What’s over-reaching? Draw an imaginary line that runs right through the center of your body and out the top of your head. Imagine that this centerline extends for 2 or 3 feet above your head. Now swim backstroke. If your hands cross this centerline when they enter the water, you’re over-reaching.
Why is over-reaching a bad thing? Because it’s hard for your hands to find traction and power in that centerline area and because it makes you zigzag down the pool. You can experiment with this on land. Extend your right arm over your head and let the right hand go across the centerline. Notice what happens to your torso. Is it straight, or have you started to lean? Now try to grab some air with your hand. If that air were water, which way would you be heading straight down the lane or off to one side? Now extend your right arm so that the hand is directly above the shoulder, or even off to the side a little bit at 1 or 2 o’clock. Check you spine, is it straight or leaning? Now grab some air/water, will you send yourself straight or to the side?

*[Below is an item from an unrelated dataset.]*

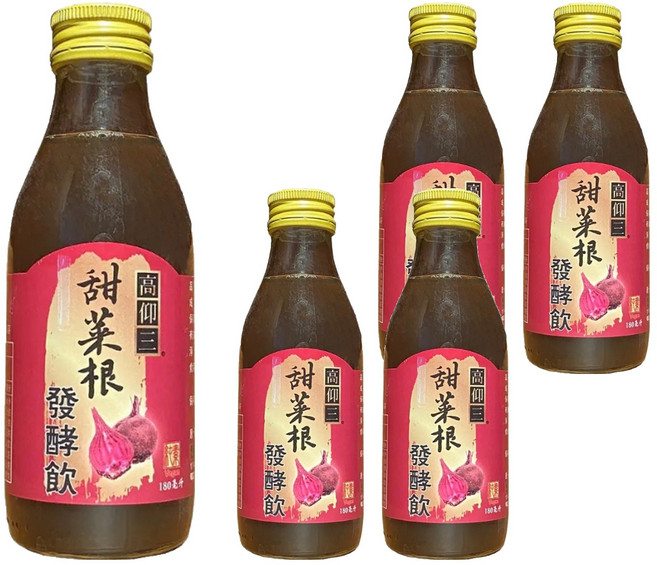 高仰三 甜菜根發酵飲, 180ml, 5瓶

It’s easy to find the right entry point when you are sitting or standing on land. It’s harder when you are swimming and rotating and trying to go fast. Most swimmers THINK that their hands are entering at 11 and 1 or 10 and 2, when in fact they’re over-reaching. No wonder it seems like coaches are always nagging about this.
Why Do It:
Pull-Buoy Backstroke is 99% guaranteed to make your hands enter at the right spot. The buoyancy from the pull buoy allows you to sit up a bit in the water so you can actually SEE where your hands are entering. The pull buoy also prevents you from kicking, so you will want to speed up your arm cadence a bit, to keep from sinking. The faster turnover, forces you to enter wider than usual and to enter deeper than usual, which is another element of good technique.
How To Do It:
1. Grab a pull buoy and position it as you would for freestyle.

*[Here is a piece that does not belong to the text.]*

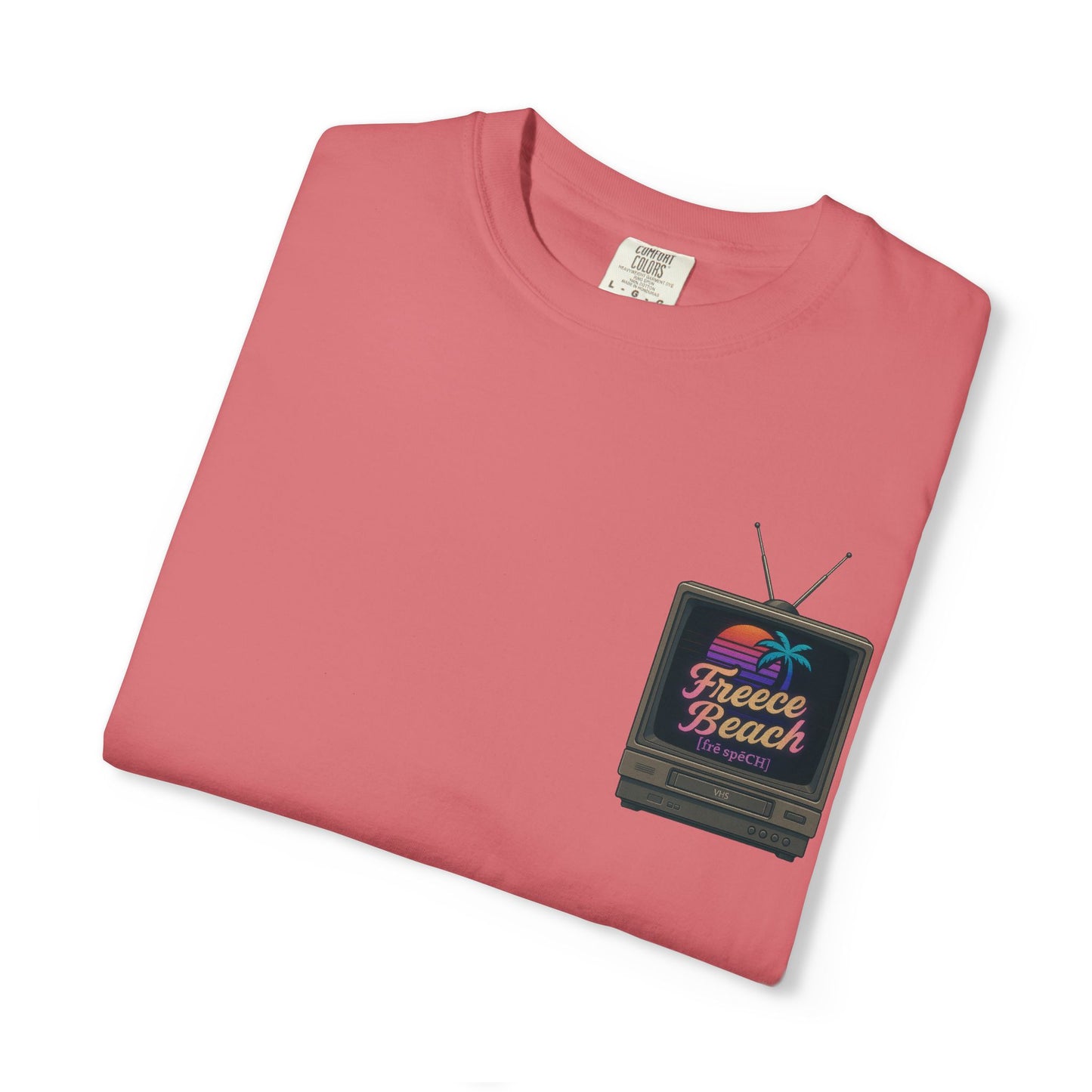 Freece Beach Graphic T-Shirt - Retro TV Logo Tee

2. Push off in streamline on your back and start to swim backstroke.
3. Sit up a bit so you can see your hands out of the corners of your eyes.
4. Make sure your hands enter the water pinkie first and at 11 and 1 or 10 and 2. The hands should enter deep and should immediately catch water. It may feel like you are chopping a bit. This is GOOD.
5. Swim about 13 yards like this, then lay your head back in the water and swim the rest of the length as normal backstroke, but with a wide and deep hand entry. Repeat this for several lengths.
How To Do It Really Well (the Fine Points):
When you first try the drill, aim for a slightly choppy feeling with the arms and hands. You don’t want to SPIN your hands or be fast and furious with this drill, but a choppy feeling is OK because this will imprint sending your hands deep into the catch.
As you get better at the drill, smooth it out a little bit. Focus less on the CHOP and more on the CATCH.
After several drill lengths, do a set of short intervals of backstroke. Focus on wide and deep hand entry.